■ Problem ■
The range runs from the line containing "Thankful mini card" to the last line of the entries. Restate those lines word for word, without the pictures.

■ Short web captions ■

<<<<

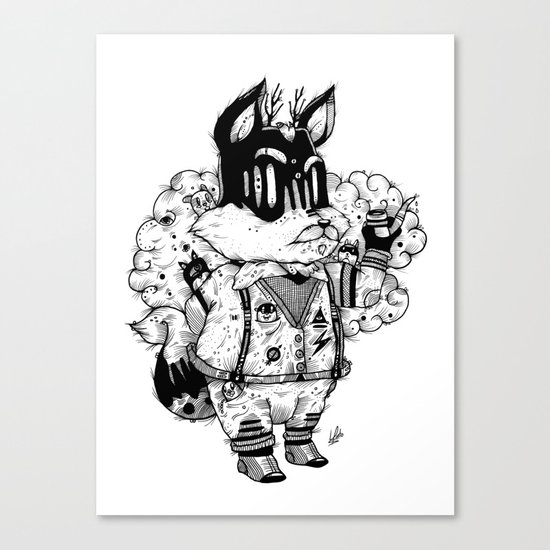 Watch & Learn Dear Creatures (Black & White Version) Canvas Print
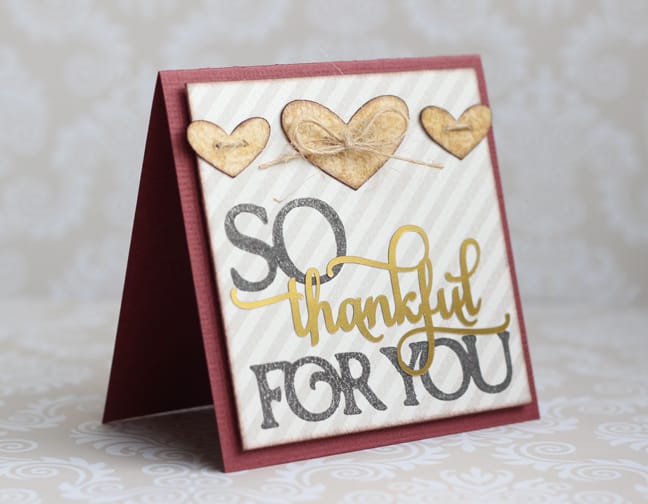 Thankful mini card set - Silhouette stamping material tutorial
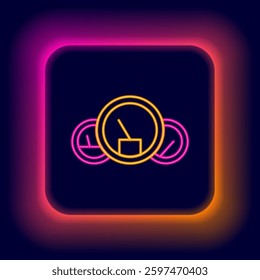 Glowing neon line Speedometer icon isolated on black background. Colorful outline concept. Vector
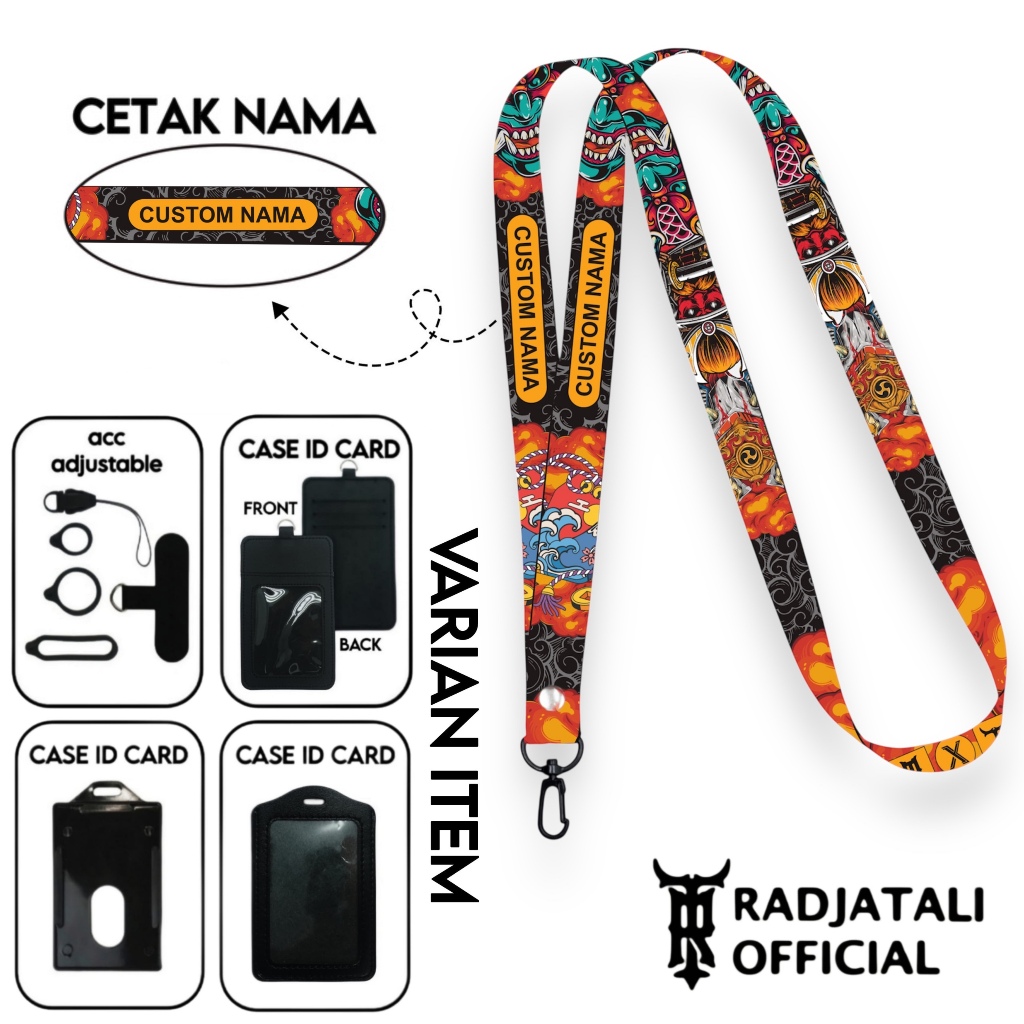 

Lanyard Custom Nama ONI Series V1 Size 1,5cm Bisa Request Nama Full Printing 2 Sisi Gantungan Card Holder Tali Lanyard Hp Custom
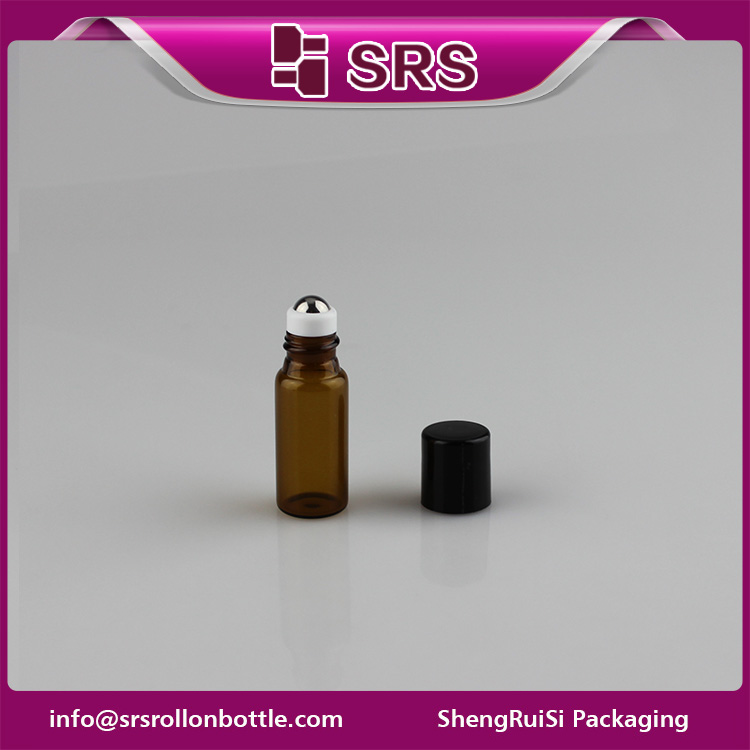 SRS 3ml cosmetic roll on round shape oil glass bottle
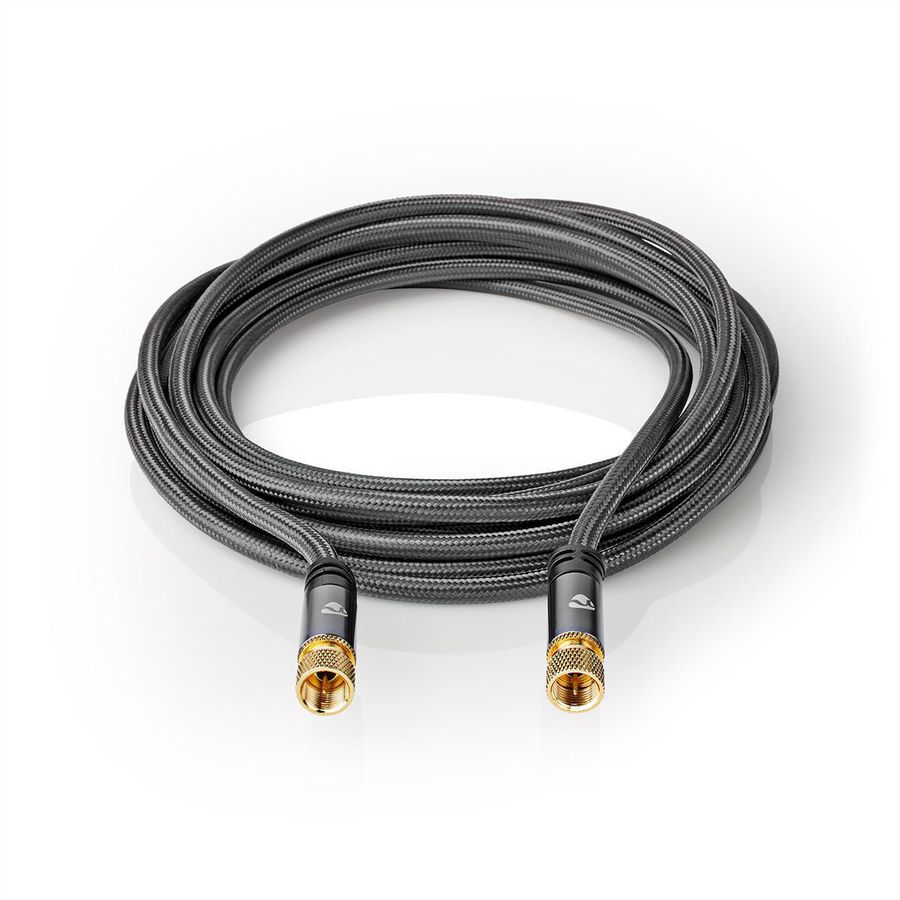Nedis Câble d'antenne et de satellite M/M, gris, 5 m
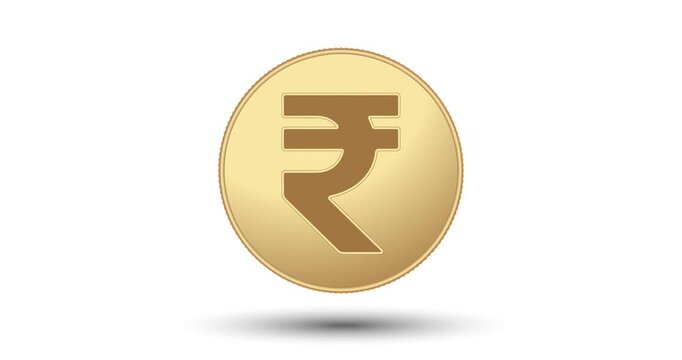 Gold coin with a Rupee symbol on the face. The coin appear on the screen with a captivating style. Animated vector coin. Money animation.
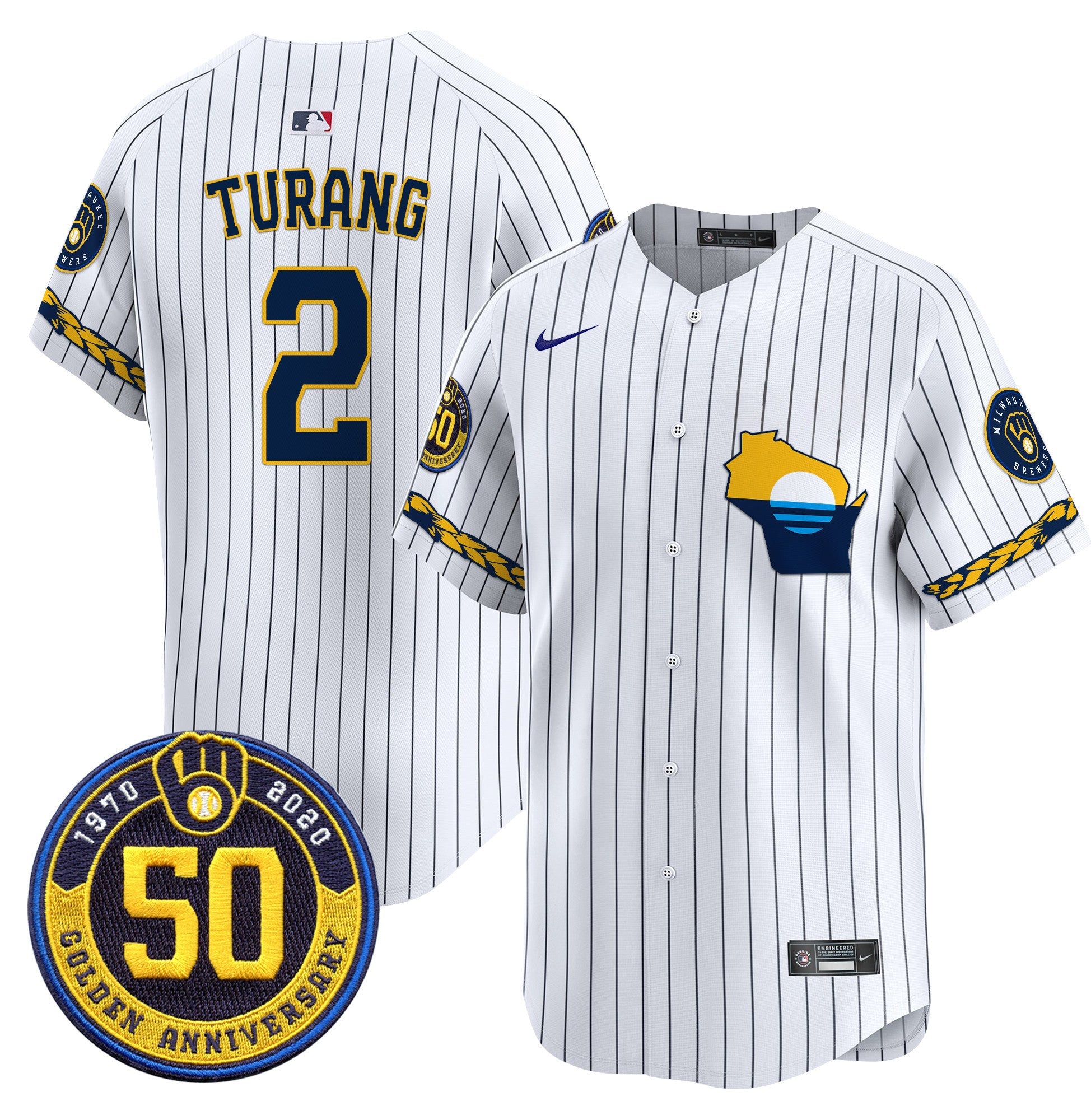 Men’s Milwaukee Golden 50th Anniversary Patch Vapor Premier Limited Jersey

>>>>

■ Response to this exercise ■
 Thankful mini card set - Silhouette stamping material tutorial
 Glowing neon line Speedometer icon isolated on black background. Colorful outline concept. Vector

Lanyard Custom Nama ONI Series V1 Size 1,5cm Bisa Request Nama Full Printing 2 Sisi Gantungan Card Holder Tali Lanyard Hp Custom
 SRS 3ml cosmetic roll on round shape oil glass bottle
Nedis Câble d'antenne et de satellite M/M, gris, 5 m
 Gold coin with a Rupee symbol on the face. The coin appear on the screen with a captivating style. Animated vector coin. Money animation.
 Men’s Milwaukee Golden 50th Anniversary Patch Vapor Premier Limited Jersey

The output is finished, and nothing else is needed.